• Exercise objective: The answer should hold only the lines from the beginning of the material through the one with "In step 4, we", reproduced exactly and without pictures.

——

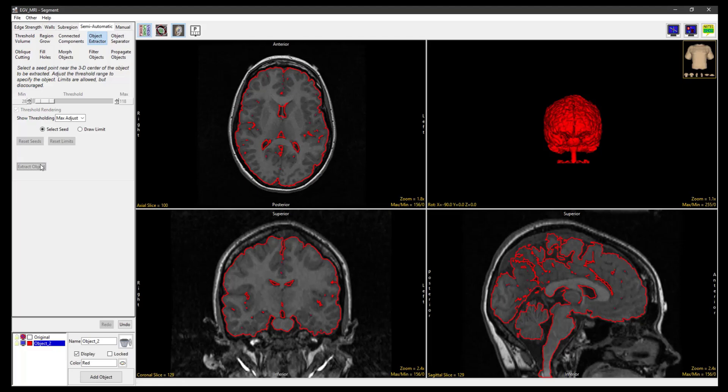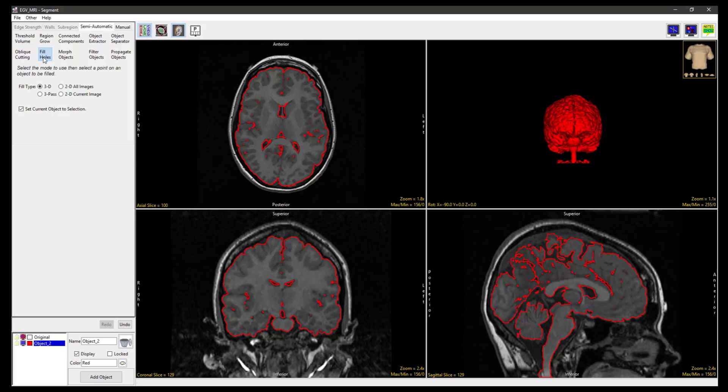To remove small holes in the object, which are the result of segmentation parameters, select Fill Holes. With the Fill Type set to 3D, click on the object to fill smaller holes in the object.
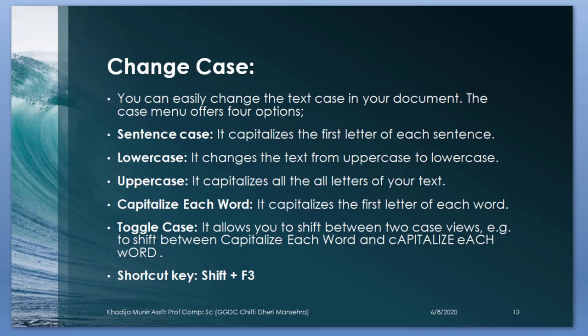Change case. You can easily change the text in your document. The changes apply four options: sentence case, lower case, upper case, capitalize each word and toggle case. Shortcut key for that is F3. In sentence case, it capitalizes the first letter of each sentence. Lower case, it changes the text from upper case to lower. Upper case, it capitalizes all the letters of your text. Capitalize each word, that means it capitalizes the first letter of each word. Toggle case, it allows you to shift between two case views. For example, capitalize each word and capitalize each word.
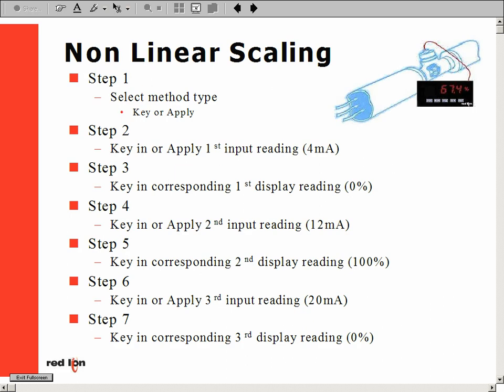In step 4, we key in or apply our second point input value. In our example, we would enter 12 milliamps. The next step has us key in the appropriate display value corresponding to our mid-way point — in our example, that is 100%. Step 6 has us key in or apply our high point input signal, or 20 milliamps. The final step is programming the corresponding display value, which is 0%.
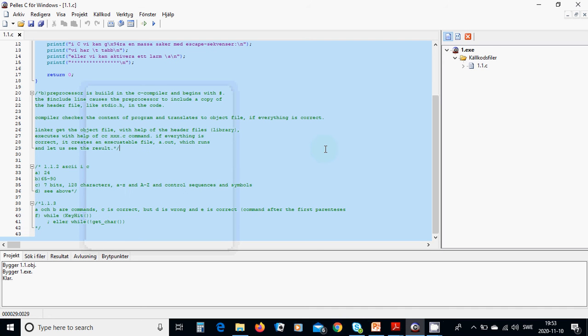Hello everyone, this is the second tutorial and in this tutorial we are going to explain preprocessor, compiler and linker.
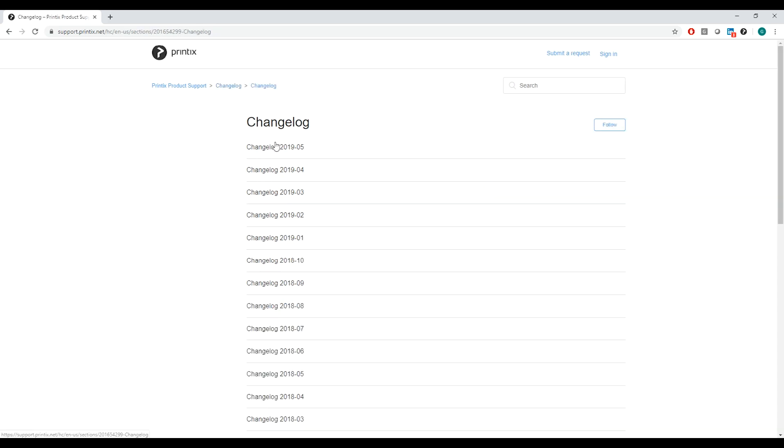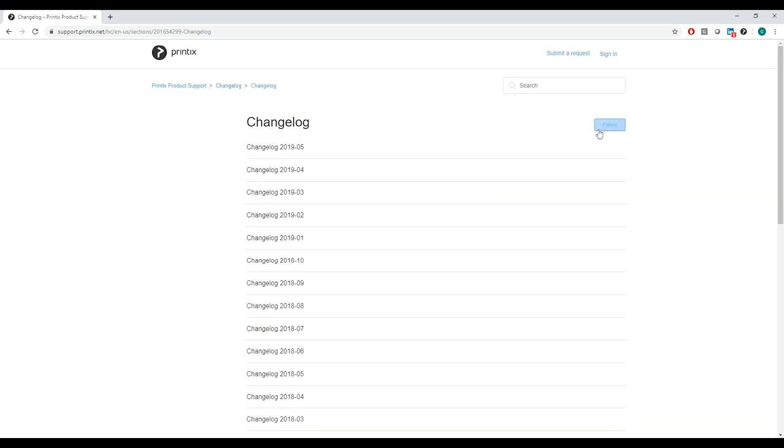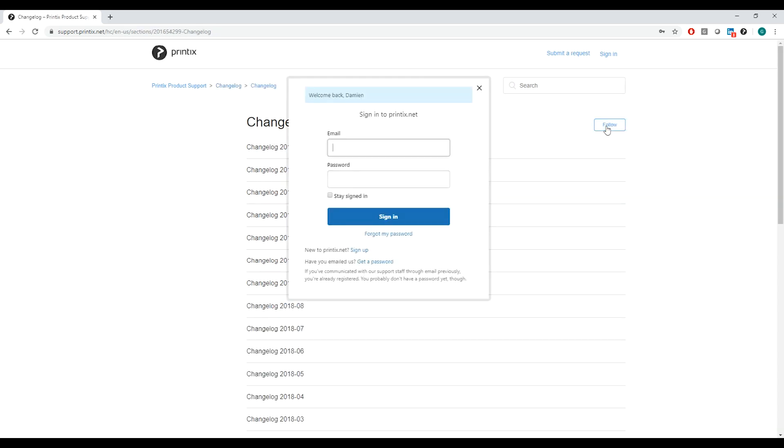By clicking on changelog and then follow we are now requested to sign in. If you don't have an account with us yet please go forward and sign up. If you do, go ahead and sign in with your account.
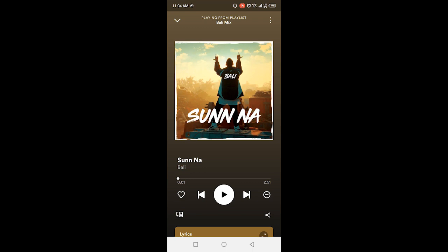Currently that option is not showing to me because I don't have Spotify Premium, but if you have Spotify Premium you can enjoy that feature.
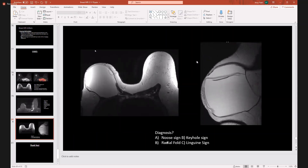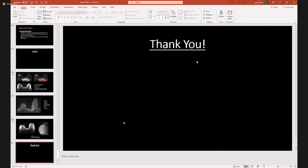Finally, this case is looking for silicone implant integrity. We see wavy lines in this right silicone implant consistent with the linguine sign, consistent with an intracapsular silicone implant rupture.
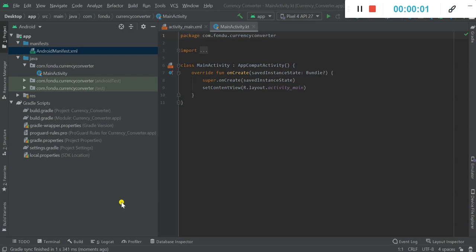Hi, welcome back to my channel. In the previous video I showed you the currency converter app that we would be building, and now we would actually start to code. I have already made the project and now we would be setting up the basic things of our project.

——

• Response box:
To remove small holes in the object, which are the result of segmentation parameters, select Fill Holes. With the Fill Type set to 3D, click on the object to fill smaller holes in the object.
Change case. You can easily change the text in your document. The changes apply four options: sentence case, lower case, upper case, capitalize each word and toggle case. Shortcut key for that is F3. In sentence case, it capitalizes the first letter of each sentence. Lower case, it changes the text from upper case to lower. Upper case, it capitalizes all the letters of your text. Capitalize each word, that means it capitalizes the first letter of each word. Toggle case, it allows you to shift between two case views. For example, capitalize each word and capitalize each word.
In step 4, we key in or apply our second point input value. In our example, we would enter 12 milliamps. The next step has us key in the appropriate display value corresponding to our mid-way point — in our example, that is 100%. Step 6 has us key in or apply our high point input signal, or 20 milliamps. The final step is programming the corresponding display value, which is 0%.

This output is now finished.